The report helps to puts some statistical flesh on the bones. Of the twenty-nine cases with the shortest periods of debarment, those from one year and six months and below, only one was a result of a determination of the SDO, four emanate from the Sanctions Board and twenty-four were achieved by negotiation settlement with INT.
Significantly these lower penalty settlements also include five cases of ‘conditional non-debarment’ which permit the entities concerned to remain eligible for World Bank funded work provided they engage in remedial integrity compliance work. The growing attractiveness of settlements and the arrival of a new Vice President at INT, Pascale Dubois, is likely to be more than co-incidental, as she is keen to express in the report the benefits of settling sanctions matters in terms of the saving of resources and certainty of outcome for both the investigated party and the WBG.

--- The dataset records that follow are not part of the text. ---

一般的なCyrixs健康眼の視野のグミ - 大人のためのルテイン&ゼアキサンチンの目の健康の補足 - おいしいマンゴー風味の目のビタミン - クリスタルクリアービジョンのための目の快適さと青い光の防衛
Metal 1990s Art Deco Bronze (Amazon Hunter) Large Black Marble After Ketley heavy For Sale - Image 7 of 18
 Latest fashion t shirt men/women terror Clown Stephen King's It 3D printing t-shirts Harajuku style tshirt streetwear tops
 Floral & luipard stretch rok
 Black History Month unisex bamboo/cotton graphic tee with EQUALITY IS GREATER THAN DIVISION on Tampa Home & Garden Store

Those companies that self-report misconduct receive particular praise from Dubois in the following terms:
“For example, two INT cases this year led to settlements with a sanction of ‘conditional non-debarment’ which means the sanctioned company remains eligible to participate in WBG-financed projects as long as it complies with certain obligations. This incentivises good corporate behavior as the companies in these cases came forward voluntarily and disclosed their misconduct. This approach also enables the type of responsible corporate citizens the Bank wants on its projects to continue to be eligible to contribute to the Bank’s mission.”
Ms. Dubois’ plainly incentive words regarding self-reporting appear to be backed up by the reported figures. All five of the cases listed as resolved by conditional non-debarment were arrived at through settlement with INT.
By stark contrast nearly all the cases resulting in the longest periods of debarment emanate from either the Sanctions Board or the SDO. Of the thirty-one most severe sanctions awarded, upwards from three years to ten and a half years debarment, only three arise from settlements and the bulk are divided between the Sanctions Board with nine disposals and the SDO with nineteen.
Overall the WBG report is to be commended as it provides a welcome degree of transparency into the current trends in disposals of sanctions cases by the three distinct limbs that comprise of the WBG Sanctions System and points towards the likelihood of a more favourable debarment outcome through settlement than the alternatives, even taking into account the additional co-operation requirements INT may require under a settlement. It therefore enables those who may be subject to an investigation by INT to make a more informed approach as to the relative merits of settling the case early or running through the SDO/Sanctions Board process.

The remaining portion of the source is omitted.